Dil ve Tarih – Coğrafya Fakültesi’nde aynı sıralarda oturarak, başta Fuad Köprülü olmak üzere aynı hocalardan ders gördüğümüz Osman Turan ile her zaman arkadaş kalamadık. Daha Üniversite Muhtariyet Kanununun çıkmasından çok önce, Hocam Prof. Köprülü’nün tavsiyesine uyarak, doçentlik imtihanına girmek hakkımdan lehime feragat ettiğim halde, o, şahsıma karşı – burada ayrıntılarına girmeyi gereksiz gördüğüm – birçok haksızlıklar yaptı; ama o Yazssıada mahkemelerinden beraat ederek döndüğü zaman, kendisinin daha önce öğretim üyesi bulunduğu Dil ve Tarih – Coğrafya Fakültesi’ne tekrar girebilmesi için en fazla uğraşan ben oldum.

Benim düşünceme göre, Selçuklu Devri Türk Tarih ve Medeniyeti’ne dâir yazdığı değerli eserlerle adını Türk ilim ve fikir tarihine yazdırmış olan Osman Turan gibi bir profesörün böyle bir işi söz konusu olunca, bana şahsi kırgınlıkları bir tarafa bırakmak düşerdi. Fakat, başkaları benim gibi düşünmüyordu. Başka bir ifadeyle, bazı arkadaşlar, özel münasebetlerle resmi münasebetleri birbirine karıştırıyorlardı. Neticede Fakülteye giremeyen Osman Turan, tekrar siyasi hayata sürüklendi; büyük bir partinin genel başkan vekilliğine kadar yükseldi. İyi bir Türk tarihçisi olan Prof. Osman Turan’ın, ilmi hüviyetine uymayan siyasi mevkilerde başarı sağladığı pek söylenemez. Esasında onun genel idare kurulu üyeliği ile yetinip, başka vasıflar isteyen idari vazifeler almaması çok daha iyi olurdu.

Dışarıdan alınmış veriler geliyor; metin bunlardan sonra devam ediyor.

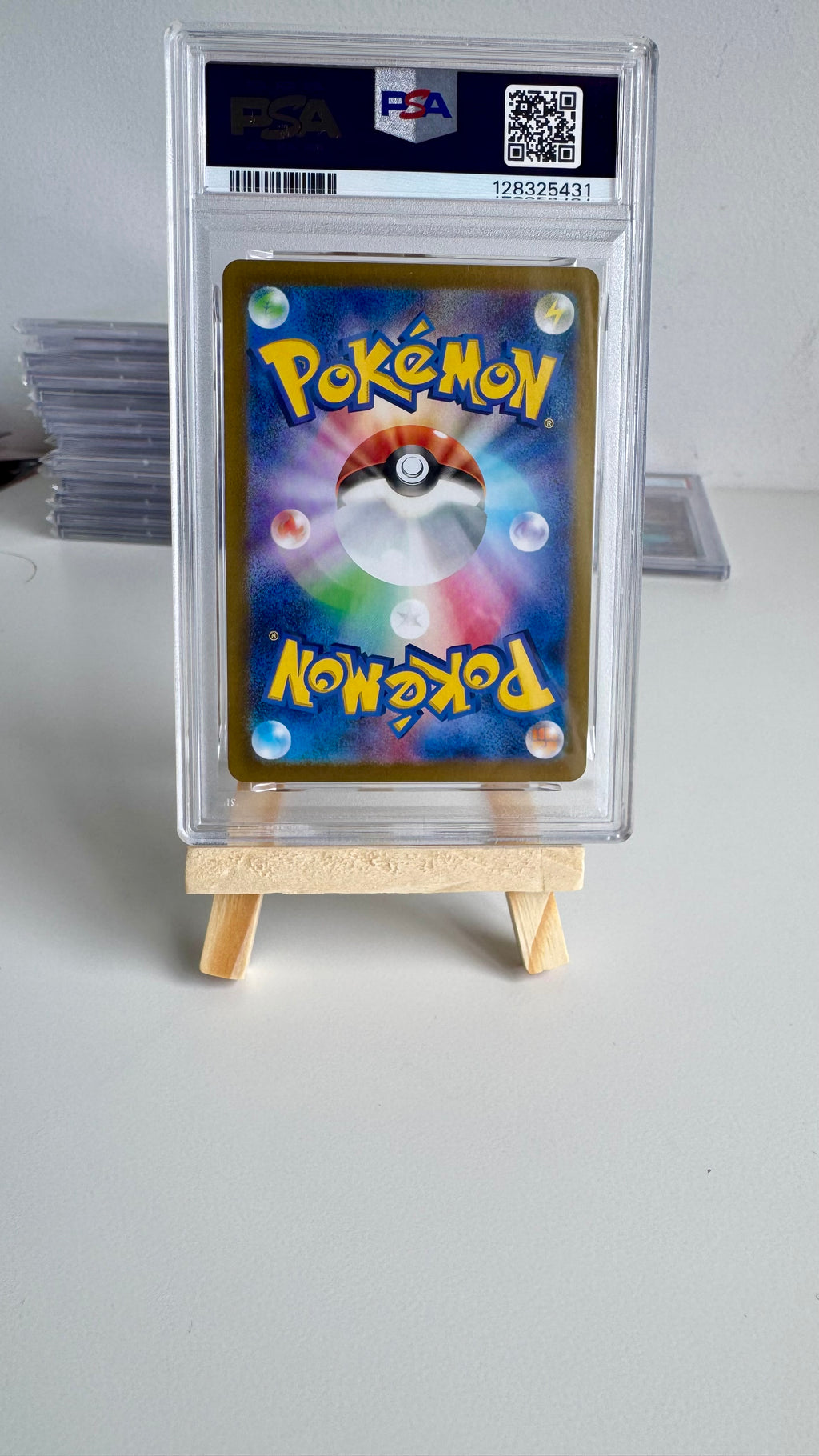Sawsbuck #074 - SV5M Art Rare - PSA 9 MINT - 2024 Japanese Pokémon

Bu takdirde kendisi bu büyük partinin fikriyatını yapan bir Ziya Gökalp durumunda olabilirdi. Şimdi genç yaşında profesörlükten ve siyasetten emekli olan Osman Turan, arkası arkasına – ayrıca söz konusu edeceğimiz – çok kıymetli eserler yayınlamaya başladı.
Bu yazımızda asıl üzerine duracağımız konu, onun uğradığı pek orijinal mahiyette bir haksızlıktır. Bir yıl kadar önce başına gelen bu haksızlığı yeni öğrenmiş bulunduğumuz için, ancak şimdi ele alıyoruz.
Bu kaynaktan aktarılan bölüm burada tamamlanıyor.